Congress could leave Washington as soon as Dec. 23.
Sen. Martin Heinrich and two other members of New Mexico’s congressional delegation urged outgoing Rep. Yvette Herrell on Friday to help secure final passage of the plan before adjournment.
Heinrich, and Reps. Melanie Stansbury and Teresa Leger Fernández – all Democrats – accused Republicans in the U.S. House of delaying federal action that would respect the will of New Mexico voters and grant approval to the education measure.
In a joint statement, they urged Herrell, a Republican, to help get the measure passed.
“New Mexicans have delivered a clear mandate at the ballot box to invest in our kids and their education,” Heinrich, Stansbury and Leger Fernández said.

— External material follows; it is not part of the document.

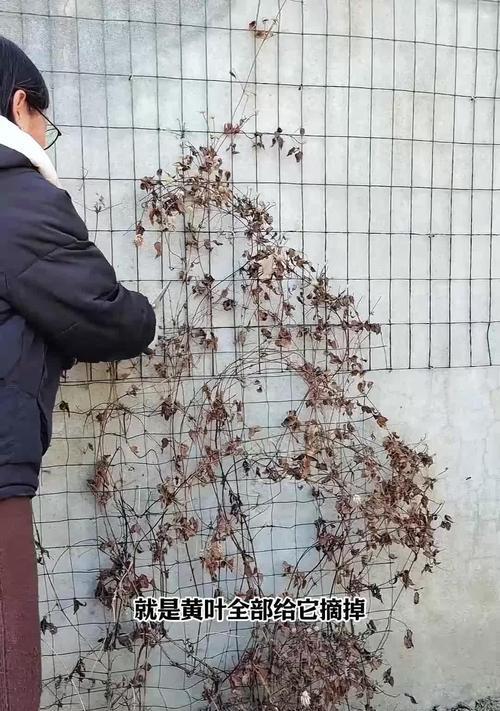 不同类铁线莲怎么修剪？最佳时期是什么时候？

At stake is authorization this year of a constitutional amendment that would boost the annual withdrawals from New Mexico’s largest permanent fund to generate new funding for early childhood education and public schools.
It passed with 70% support in the Nov. 8 general election.
But congressional authorization is required before New Mexico can fully tap into the extra funds, estimated to total $236 million in the next fiscal year.
As a state legislator in 2018, Herrell opposed the permanent fund proposal. The Journal was unable to reach her or a spokesperson Friday for comment.
Supporters of the measure are pushing for Congress to add a one-sentence approval of the permanent fund changes to an end-of-the year spending bill expected to be adopted in the final days of this year’s congressional session.
A new Congress – reflecting the outcome of the 2022 general election – is set to take office Jan. 3.
Failure to approve the New Mexico legislation before then would not necessarily be fatal. But supporters would have to start over in the new session, delaying consideration of the measure.
Legislation authorizing New Mexico’s permanent fund changes was introduced a year ago by Heinrich and Stansbury, and it cleared the Senate Energy and Natural Resources Committee with unanimous, bipartisan support.
In their joint statement, the three Democrats urged “Herrell to help pass legislation concurring with Constitutional Amendment One and following the will of the people of New Mexico. The future of our state depends on it.”
Herrell lost her reelection bid this year in a newly drawn congressional district.
“This isn’t a partisan issue – these programs are proven to provide big benefits for kids, families and the economy alike,” said Amber Wallin, executive director, New Mexico Voices for Children, an advocacy group.